Die Geschichte begann am 7. Mai 1945, einen Tag nach der Befreiung des KZ-Nebenlagers Ebensee durch die Amerikaner. Der 19-jährige Franzose Roger Laine erlebte die ersten Stunden als freier Mann außerhalb der Lagermauern. Er war auf 30 Kilogramm völlig abgemagert und entkräftet und bat eine Ebenseerin, ob sie ihm nicht einen kurz zuvor gefundenen Brotsack flicken könnte. Sie half ihm, ohne zu zögern.
Viele Jahre lang suchte er bei späteren Besuchen in Ebensee vergeblich immer wieder nach der unbekannten Wohltäterin. Ein Aufruf in der Gemeindezeitung Ebensee sollte im Jahr 1997 die Wende bringen. Josefa Loidl meldete sich als jene Frau, die damals Roger Laine den Brotsack genäht hatte. Er war nicht der einzige KZ-Häftling, dem sie damals nach der Befreiung half. Da ihr Haus unweit vom Zaun des ehemaligen Konzentrationslagers stand, wusste sie vom unvorstellbaren Leid der Gefangenen.
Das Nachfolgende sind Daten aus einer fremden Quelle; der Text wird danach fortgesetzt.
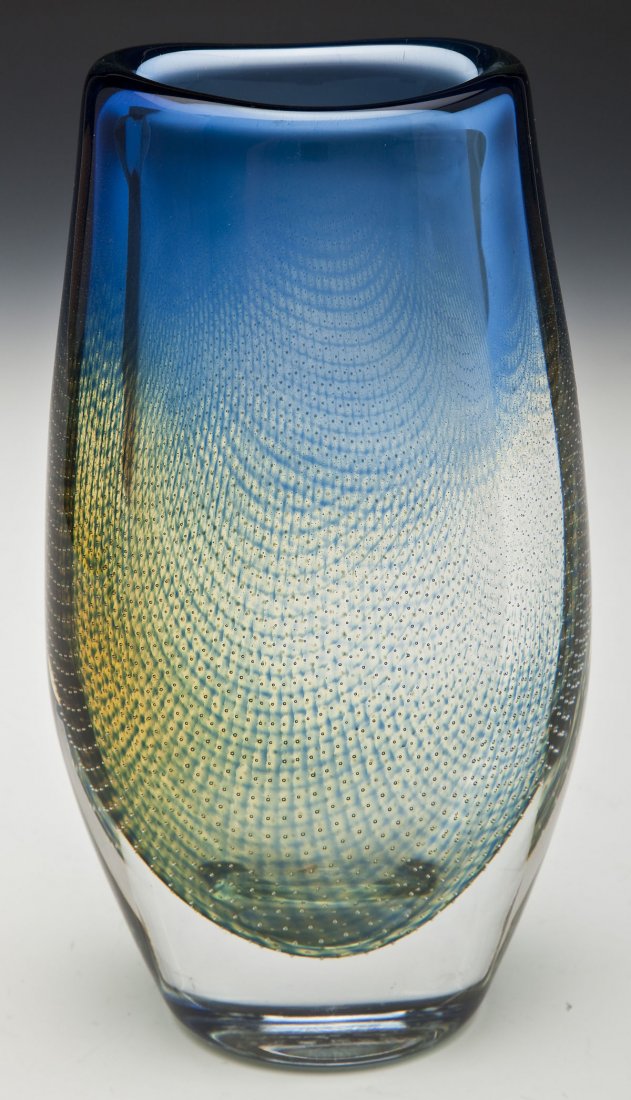 Orrefors Sven Lundqvuist Art Glass Vase: DESCRIPTION: Orrefors Sven Lundqvist art glass vase. Blue, clear and yellow with intricate air bubble and netting pattern. Signed on the bottom "Orrefors Knacka No 2/27 Sven Lundqvist". MEASUREMENTS:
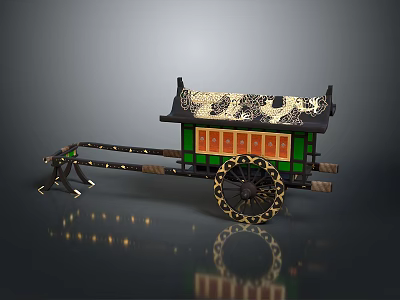 Traditional Chinese Carriage With Decorative Roof Green Orange Body And Patterned Wheels 3d model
Josefa Loidl: „Hilflos und von den Bewachern bedroht, mußten wir Tag für Tag mitansehen, welche Torturen und Grausamkeiten die Lagerinsassen erleiden mußten.“ Doch die Begegnung mit Roger Laine prägte sich in ihr Gedächtnis ein. „Ich habe Zeit meines Lebens daran gedacht, was wohl aus dem jungen Mann geworden ist.“
Nachdem sich Josefa Loidl gemeldet hatte, begann ein reger und sehr berührender Briefwechsel mit dem Franzosen. Doch aufgrund einer Erkrankung dauerte es noch fast zwei Jahre, bis sich der Lebenswunsch von Roger Laine erfüllte und er jene Frau treffen konnte, die ihm durch ihre kleine Geste der Hilfe das verloren geglaubte Gefühl von Menschlichkeit schenkte.
1999 war es nach mehr als einem halben Jahrhundert so weit. Mit dem Wiedersehen sollte eine kleine, menschliche Episode einen bewegenden Abschluss finden.